BEGIN Recorded information

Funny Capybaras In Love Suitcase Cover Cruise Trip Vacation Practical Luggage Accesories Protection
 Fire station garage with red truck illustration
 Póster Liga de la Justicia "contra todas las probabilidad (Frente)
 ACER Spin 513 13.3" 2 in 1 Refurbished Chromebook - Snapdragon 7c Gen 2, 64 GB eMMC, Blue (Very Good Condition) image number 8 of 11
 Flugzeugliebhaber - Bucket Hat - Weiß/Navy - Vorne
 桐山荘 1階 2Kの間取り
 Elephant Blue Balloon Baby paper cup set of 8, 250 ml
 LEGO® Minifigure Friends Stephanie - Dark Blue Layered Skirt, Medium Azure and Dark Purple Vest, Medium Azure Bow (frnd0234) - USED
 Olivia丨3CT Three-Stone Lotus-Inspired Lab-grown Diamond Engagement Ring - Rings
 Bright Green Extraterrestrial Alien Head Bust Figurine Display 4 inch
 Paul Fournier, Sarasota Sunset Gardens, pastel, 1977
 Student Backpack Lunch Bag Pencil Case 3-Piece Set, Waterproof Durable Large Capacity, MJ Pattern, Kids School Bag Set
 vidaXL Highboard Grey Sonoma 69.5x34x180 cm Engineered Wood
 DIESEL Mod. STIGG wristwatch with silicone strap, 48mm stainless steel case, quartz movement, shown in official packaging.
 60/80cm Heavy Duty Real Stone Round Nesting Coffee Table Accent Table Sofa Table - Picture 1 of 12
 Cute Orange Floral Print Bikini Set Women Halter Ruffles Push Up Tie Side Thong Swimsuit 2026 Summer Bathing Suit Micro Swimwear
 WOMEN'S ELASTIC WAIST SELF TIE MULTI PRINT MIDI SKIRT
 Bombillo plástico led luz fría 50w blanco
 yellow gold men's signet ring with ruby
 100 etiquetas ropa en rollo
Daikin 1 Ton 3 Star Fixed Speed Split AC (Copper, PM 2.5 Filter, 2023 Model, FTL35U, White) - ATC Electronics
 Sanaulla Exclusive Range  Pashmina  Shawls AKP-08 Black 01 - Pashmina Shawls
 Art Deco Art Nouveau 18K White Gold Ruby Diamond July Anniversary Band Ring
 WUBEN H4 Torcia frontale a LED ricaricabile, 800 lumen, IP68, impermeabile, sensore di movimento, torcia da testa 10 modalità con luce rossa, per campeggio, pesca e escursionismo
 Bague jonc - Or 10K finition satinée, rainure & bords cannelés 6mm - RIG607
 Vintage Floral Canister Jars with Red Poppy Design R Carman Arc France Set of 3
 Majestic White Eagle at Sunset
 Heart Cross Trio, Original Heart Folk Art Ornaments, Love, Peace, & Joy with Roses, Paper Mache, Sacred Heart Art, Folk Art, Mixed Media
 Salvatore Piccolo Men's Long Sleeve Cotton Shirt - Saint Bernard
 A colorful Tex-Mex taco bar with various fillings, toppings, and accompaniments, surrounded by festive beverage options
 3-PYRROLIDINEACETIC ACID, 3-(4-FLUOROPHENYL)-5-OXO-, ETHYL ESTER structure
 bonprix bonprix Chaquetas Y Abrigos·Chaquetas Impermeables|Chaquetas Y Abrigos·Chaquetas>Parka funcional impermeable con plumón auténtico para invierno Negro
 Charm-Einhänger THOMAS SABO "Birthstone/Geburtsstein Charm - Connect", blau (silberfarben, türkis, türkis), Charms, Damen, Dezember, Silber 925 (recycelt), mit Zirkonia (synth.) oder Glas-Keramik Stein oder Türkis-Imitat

END Recorded information

Word for word, restate the lines above from the line containing "100 etiquetas ropa en rollo" through the line containing "Art Deco Art", with both included and nothing else.

 100 etiquetas ropa en rollo
Daikin 1 Ton 3 Star Fixed Speed Split AC (Copper, PM 2.5 Filter, 2023 Model, FTL35U, White) - ATC Electronics
 Sanaulla Exclusive Range  Pashmina  Shawls AKP-08 Black 01 - Pashmina Shawls
 Art Deco Art Nouveau 18K White Gold Ruby Diamond July Anniversary Band Ring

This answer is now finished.